OK now I understand what you are getting at, and I think the confusion is because you are answering a different question basically. I think you missed the part about how these are being done. They are not simply one retaining wall face at the end of the patio. The retaining walls will be installed in a rectangle shape (3 sides) and level, and I posted that mine would be 3 feet high. So now maybe you understand why I am saying that this wall can't be installed at a slope? Now based on my understanding of the solution you have presented, if I was installing just one wall at the front of the patio edge, I still think the wall should be installed level as per the installation instructions. You wrote " I think at 1/8" or a 1% slope there should be no problem whatsoever." This wall will be retaining over 40 cubic yards of soil\fill, plus the patio. Installing this type of wall with a forward batter will undermine the structural integrity of the system, and expose it to potential damage due to bearing capacity failure, or due to overstress\breakage of the reenforcing geotextile fabric. I'm not an engineer, but that's my guess of what the engineer would say about doing that type of wall in that manner. On a smaller wall without so much internal force against then I would agree with your solution. In my case, if I went with your solution, when we looked at the side legs of the rectangle, they would be 3" higher than the front main leg of the wall, and that would certainly look like a "home job". That's why one of my posted potential solutions was to simply step down the wall by one course (or maybe a cap course), to keep the wall level & not have the edges of the patio exposed. Hopefully that explains the question we were asking. Thanks for helping as well.
Below is what I had started typing before I guessed that maybe you didn't see this was a rectangle shaped wall we were asking about, and subsequently figured out what you meant:
The orginal thread question, and my question is; how do we make a sloped patio look good connecting to a level retaining wall. You posted to make the retaining wall sloped like the patio, but you haven't given the details as to how that can be done. I posted the many reasons that I have found that the retaining has to be installed level. You posted that it is OK to install the retaining wall at a 1-2% slope. I tried to figure out how that can be done, and can't figure it out. So I am confused. We are not concerned about the wall meeting the foundation, because the walls we plan to install will be level, as per the installation instructions. However, the patio will need a pitch, and where the sloped patio meets the level wall is what we are asking about. And since you questioned me, based upon your suggestion to incorrectly install the wall, I have to ask out of curiousity as well, do you have any experience with this type of install? ;) :D
06-05-2003, 08:30 PM
I do understand the question. I realize you will be constructing a 3 sided retaining wall. My answer remains the same. Slope the wall and pavers the same.
06-06-2003, 02:49 AM
Retaining wall builders are to be laid perfectly level.
Steps have a slight slope
Patio have a slight incline.
For the patio have it butt right up to the cap stones and make it perfectly flush with the caps.

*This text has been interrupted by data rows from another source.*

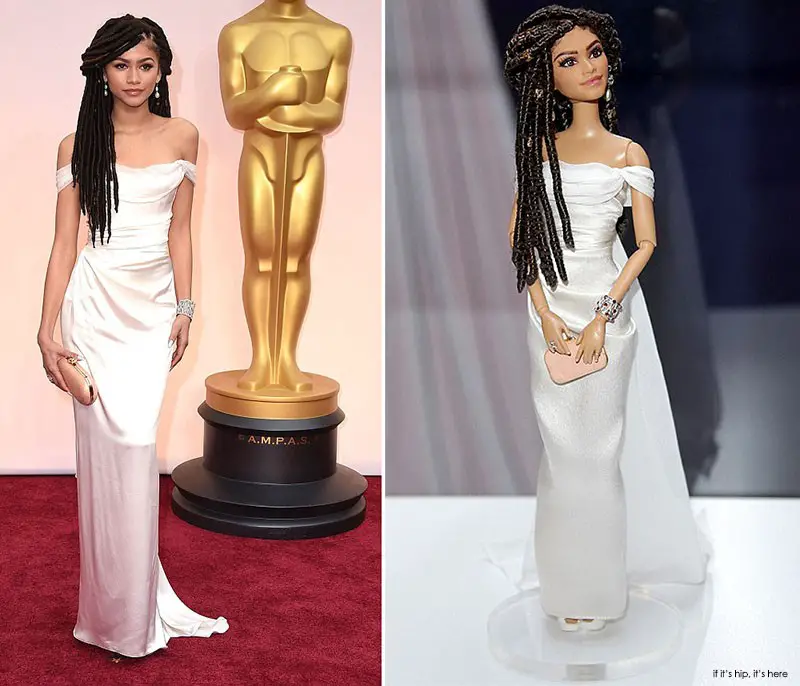 zendaya oscars red carpet and zendaya barbie doll IIHIH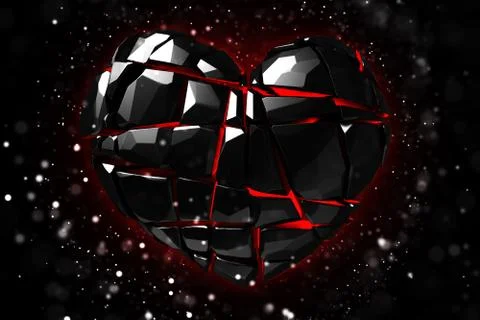 Brilliant ruby on black background. Black Crystal. Stock Illustration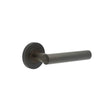 High quality image of Burlington - Richmond Door Handles Knurled Rose Dark Bronze Sku. BUR45KIT83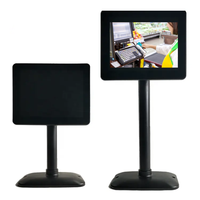 Écran client LCD USB POS 9,7 pouces à prix d'usine, affichage client monté sur poteau, résolution 1024x768, compatible multi-OS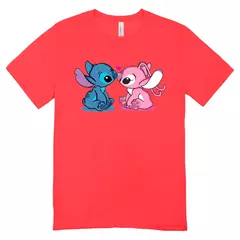 Camisa Feminina Baby Look Stitch and Angel - loja online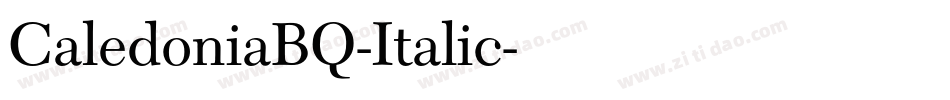 CaledoniaBQ-Italic字体转换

This will provide an edging for the pavers, and make for a decorative looks, AND will solve most of your drainage problem.
06-06-2003, 06:26 AM
If I were to build just one retaining wall in front of a raised patio, yes this wall would be perfectly level. When you are building a 25' long patio or even a 10 foot long patio it would not collapse with such a small slope. I don't know what kind of blocks you guys are using down there but maybe you should stick with what you do best. Cutting grass:D
Man you guys are looking at way too much slope. ICPI standards are like 3/8" to 1/2" over 10'. Crown 3/4' to 1" a ways from the house and use poly sand to limit absorption. LGF hit it on the head as far as the wall, its got to be level.
06-06-2003, 12:43 PM
All retaining walls need to be level.
Pavers need to have 1 to 2% slope away from foundation.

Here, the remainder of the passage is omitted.